Lorsqu'il avait fait L'Ombre de la terre en 1982, son premier long métrage novateur et magnifique sur l'acculturation forcée des populations du désert, Taïeb Louhichi avait amorcé un défi qui ne le quittera pas : exprimer par le cinéma un imaginaire prophétique ancré dans les réalités du monde, et notamment du Sud tunisien dont il est issu. Dans Laylâ ma raison, il explorait l'idéalisation mortifère de la femme à partir du texte du poète Qais-Mejnoun (7ème siècle). Avec Noces de lune, il tentait une approche symbolique des devenirs adolescents. Mais ce dernier film fut mal reçu et ses nouveaux projets (évoqués dans le film) ne furent pas retenus par la Commission tunisienne. Taïeb commence une traversée du désert dont La Danse du vent est l'aboutissement. Le film n'est pas une pleurnicherie sur la souffrance du cinéaste mal compris mais une interrogation profondément honnête et sincère d'un homme qui se demande aujourd'hui comment continuer à faire du cinéma. Le grand intérêt du film est qu'il ne place pas son interrogation dans sa seule sphère personnelle mais l'inscrit dans un monde qui norme de plus en plus l'accès au rêve dans des produits formatés.

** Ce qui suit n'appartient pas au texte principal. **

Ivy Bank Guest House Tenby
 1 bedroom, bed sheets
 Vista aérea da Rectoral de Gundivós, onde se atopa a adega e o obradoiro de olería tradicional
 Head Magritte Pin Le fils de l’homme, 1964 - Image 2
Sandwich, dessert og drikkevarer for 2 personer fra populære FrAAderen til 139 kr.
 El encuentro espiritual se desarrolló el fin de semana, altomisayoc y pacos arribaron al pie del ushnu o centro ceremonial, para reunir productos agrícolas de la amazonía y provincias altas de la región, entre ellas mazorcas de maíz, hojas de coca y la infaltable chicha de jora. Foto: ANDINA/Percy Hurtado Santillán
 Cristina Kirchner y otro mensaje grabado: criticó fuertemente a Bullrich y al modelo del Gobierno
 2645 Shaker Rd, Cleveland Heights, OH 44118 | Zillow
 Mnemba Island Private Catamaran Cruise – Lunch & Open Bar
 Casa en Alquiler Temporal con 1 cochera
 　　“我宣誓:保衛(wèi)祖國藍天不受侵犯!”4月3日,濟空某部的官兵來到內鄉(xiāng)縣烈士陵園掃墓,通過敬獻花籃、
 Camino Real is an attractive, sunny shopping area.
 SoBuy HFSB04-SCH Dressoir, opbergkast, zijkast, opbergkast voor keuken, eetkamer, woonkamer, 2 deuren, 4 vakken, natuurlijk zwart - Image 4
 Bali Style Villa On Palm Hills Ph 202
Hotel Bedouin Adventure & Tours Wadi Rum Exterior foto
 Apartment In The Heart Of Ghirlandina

Ce cinéaste, remarquablement interprété par cet autre réalisateur qu'est Mohamed Chouikh, se perd ainsi dans le désert où il est allé faire des repérages. Une vision le poursuit, Zazia, bédouine rencontrée en bord de route mais aussi personnage de son film, mais encore mirage qui l'obsède, son rêve. "Tes rêves sont ton salut" lui dira-t-elle dans une danse. Car Zazia lui tourne autour comme le vent, tant il ne peut se défaire de son désir de cinéma, alors même que continuer à tourner revient à préserver ce rêve qui fonde l'être au monde, qui ancre le devenir du monde.
Le temps du film doit alors devenir le temps du rêve : le film qu'il veut tourner est déjà sur l'écran de télévision que regardent dans la nuit les enfants, Zazia est déjà actrice photographiée dans son storyboard. Il ne s'agit pas d'en perdre la raison : le cinéaste s'accroche, travaille, utilise ses accessoires, les trimbale aussi désespérément que Sisyphe, s'insurge contre ceux qui menacent son décor. Mirages et visions s'entrelacent et se perdent : l'espace de sa prison de sable devient la scène du monde, enjeu de conflits aussi réels qu'intérieurs. Le vent dessine des formes dans le sable : le rêve doit être à la source de la représentation pour qu'elle ne soit pas, tendance télévisuelle, simple figuration. Pour cela, le spectateur est convoqué : lui seul peut donner sens à l'image qui lui est proposée. Sa solitude est égale à celle du cinéaste : les sourates n'ont pas non plus la clarté de l'énonciation, elles invoquent et évoquent poétiquement l'exil du moi. A quoi bon dès lors fuir le temps par peur de la vieillesse et de la mort ? Le rêve reste le salut.
La Danse du vent se fait ainsi manifeste, plaidoyer pour un cinéma du sens, d'un sens puisé dans l'imaginaire comme source d'utopie. L'abondance des images accompagne paradoxalement un déficit de représentation : un autre temps de l'image est nécessaire, qui puise dans le rêve de quoi penser la réalité. Nous n'avons pas fini de manger du sable, comme ce cinéaste qui s'épuise progressivement à poursuivre son rêve dans un monde aride, mais une Zazia est là, dans les textes anciens et les coutumes, qui ne peut se réduire à une lointaine illusion.